One of the clearest changes is the rise of red-teaming as a procurement requirement. Rather than relying only on demonstrations or benchmark claims, buyers are increasingly being urged to test how a system behaves when it is deliberately pushed off script. The OWASP has issued vendor-evaluation guidance for AI red-teaming providers and tooling, reflecting the growing view that adversarial testing should be part of due diligence, not a niche security exercise. Buyers are being advised to ask vendors whether sandbox testing is allowed, how they measure jailbreak success, and what controls exist for prompt injection, data leakage and hallucinations.
That demand is likely to expand further. Market forecasts cited in the industry suggest AI red-teaming services could grow from $1.3 billion in 2025 to $18.6 billion by 2035, underscoring how quickly adversarial testing is becoming embedded in enterprise governance.

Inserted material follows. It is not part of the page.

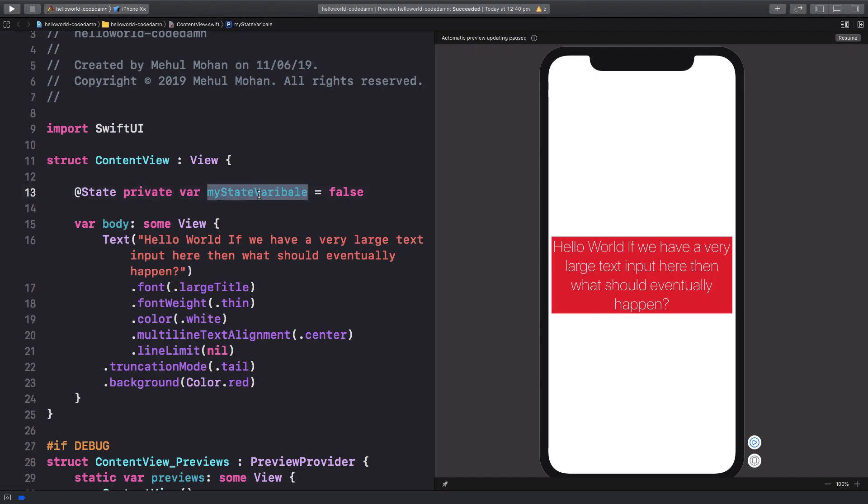Obviously, you can bind the state variable with other user input kind of things like text fields.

Contract terms are also changing. Traditional service level agreements are built around uptime and latency, but those measures do not address model drift, where output quality gradually deteriorates as data patterns change. Legal specialists are increasingly recommending that AI contracts include baseline performance measures, regular testing intervals and explicit remedies if accuracy falls below agreed thresholds. In more mature arrangements, those remedies can escalate from notifications to service credits and, eventually, termination rights.

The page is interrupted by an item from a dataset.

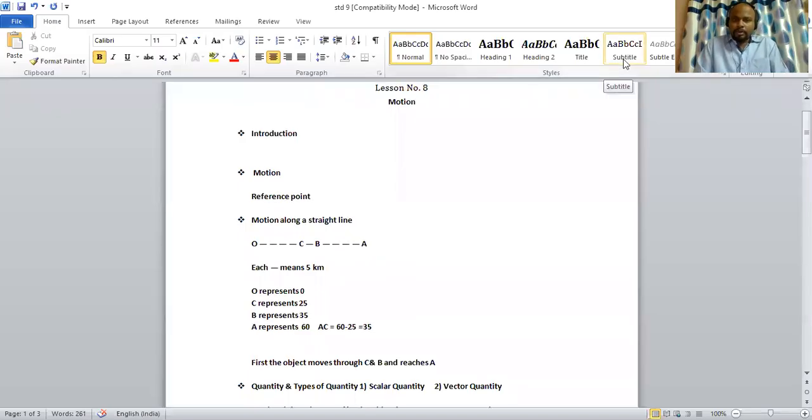Hope all are fine. Moving on to the next chapter, lesson number 8, Motion.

Liability for hallucinations is another fault line. A database tracking AI-related legal disputes now lists more than 900 documented cases worldwide, a sign that courts and tribunals are steadily defining responsibility. In one high-profile case involving Air Canada’s chatbot, a tribunal rejected the argument that the bot could be treated as a separate legal entity, reinforcing the principle that companies remain accountable for the outputs of the systems they deploy. For buyers, that makes indemnities, accuracy warranties and carefully drafted allocation of responsibility far more important than they were in earlier software deals.
Regulators are moving in the same direction. Colorado’s AI Act is due to take effect in June 2026, bringing fresh obligations for employment-related systems, including impact assessments, risk-management policies and transparency requirements. Illinois has also introduced rules requiring disclosure when AI influences employment decisions. In finance, FINRA’s 2026 oversight guidance treats vendor management as a core control area, while updated SEC requirements on customer data protection also extend scrutiny to vendors using AI.
The scale of investment across the AI supply chain helps explain why these issues are rising to the top of board agendas. Tom’s Hardware reported that Google, Microsoft, Meta and Amazon are expected to spend a combined $725 billion on AI infrastructure in 2026, while the Semiconductor Industry Association is forecasting that global chip sales will reach $1 trillion, driven by demand for GPUs, high-bandwidth memory, networking gear and storage. That capital intensity is pushing the entire ecosystem to grow quickly, but it is also increasing the cost of getting vendor selection wrong.
For companies buying AI, the implication is straightforward: vendor compliance is no longer separate from organisational compliance. A supplier’s weaknesses in governance, testing or documentation can become the buyer’s problem once the system is in production. The smartest firms will therefore treat AI procurement less like a software purchase and more like an ongoing risk-management exercise, with red-team testing, drift monitoring and liability controls built into the contract from the outset.